What is needed
Reproduce, please, the line that holds "175 Pineridge Loop, Crossville, TN 38558" and all later lines through the end of the entries below, exactly; omit pictures.

Exercise input
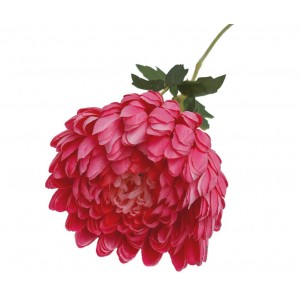 Chryzantéma červená 70 cm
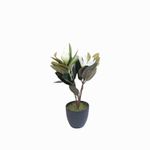 Lirio-magnolia-en-maceta-45-cm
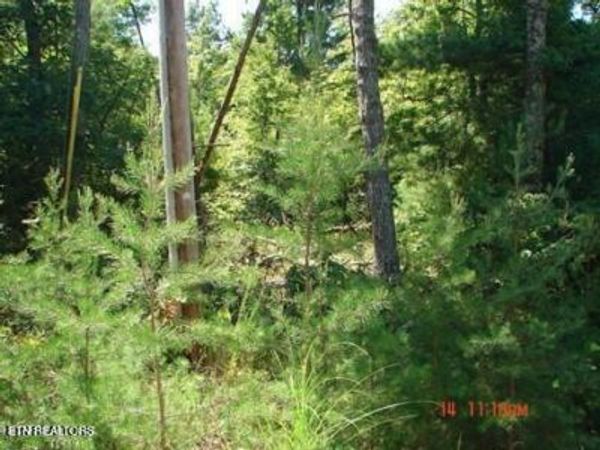 175 Pineridge Loop, Crossville, TN 38558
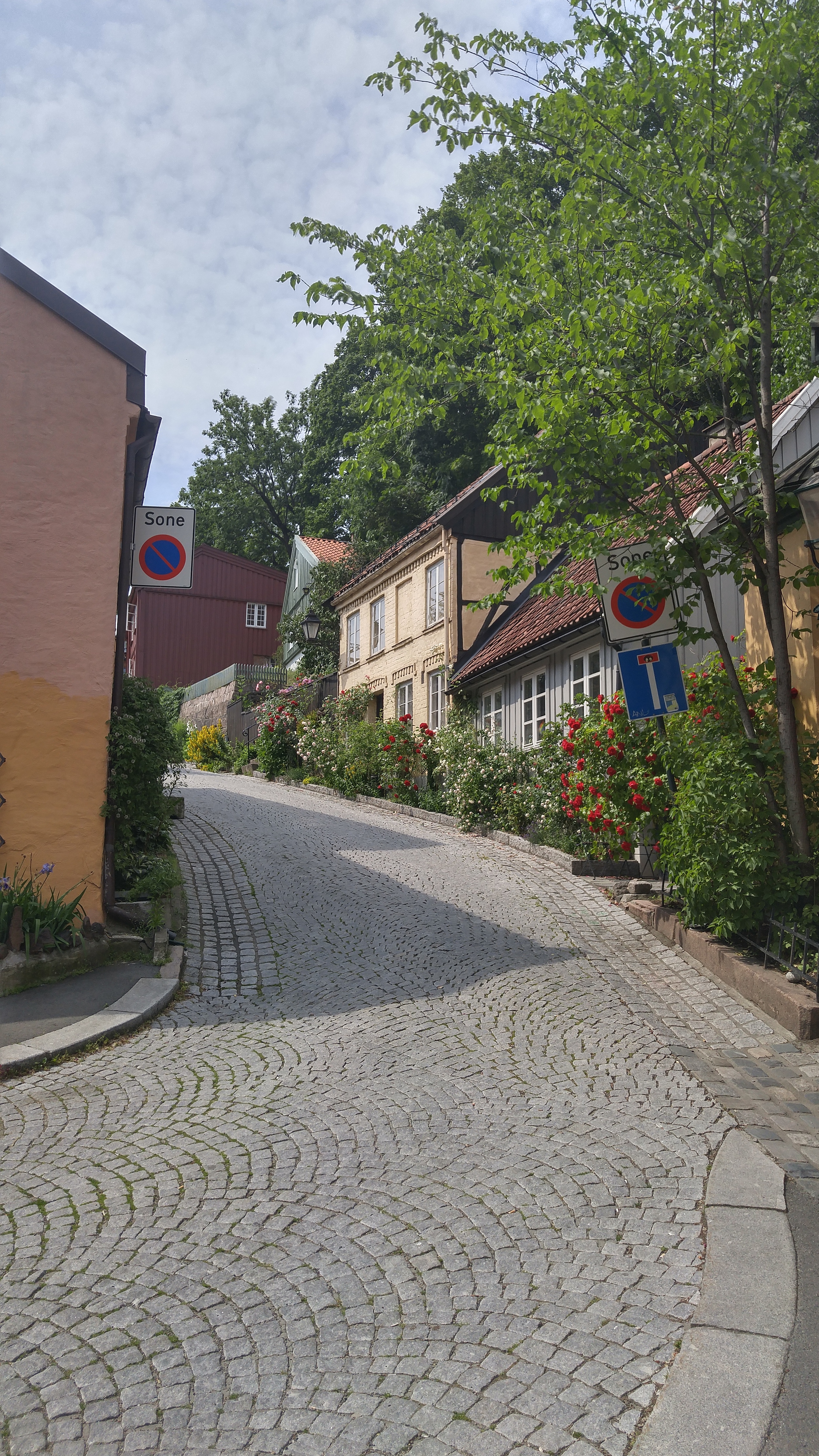 Damstredet is the sort of alley who's cheeks you just want to pinch.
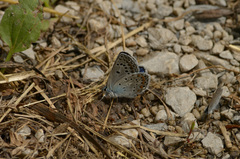 Polyommatus escheri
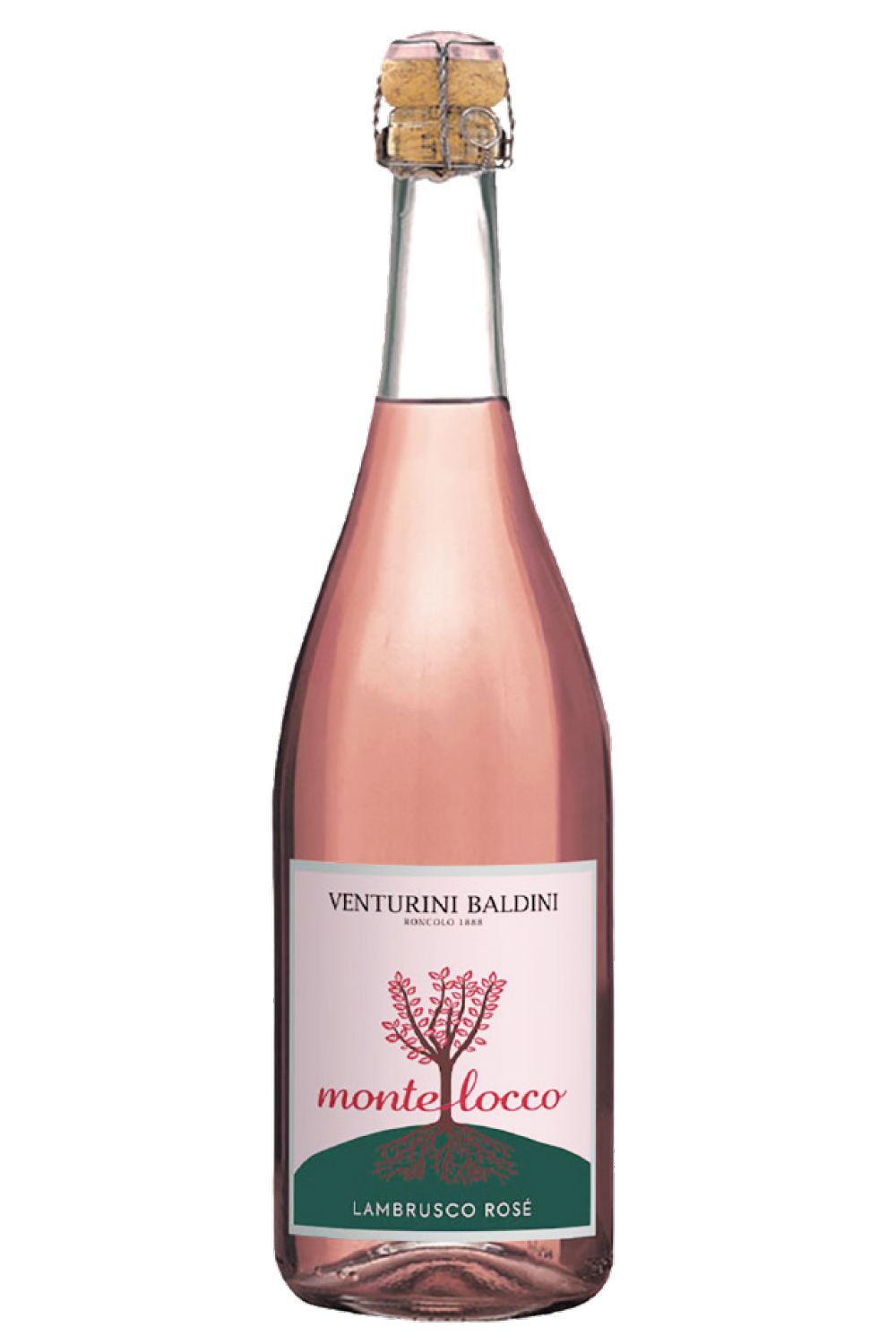 Baldini Montelocco Lambrusco Emilia Romagna 750ml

Expected answer
 175 Pineridge Loop, Crossville, TN 38558
 Damstredet is the sort of alley who's cheeks you just want to pinch.
 Polyommatus escheri
 Baldini Montelocco Lambrusco Emilia Romagna 750ml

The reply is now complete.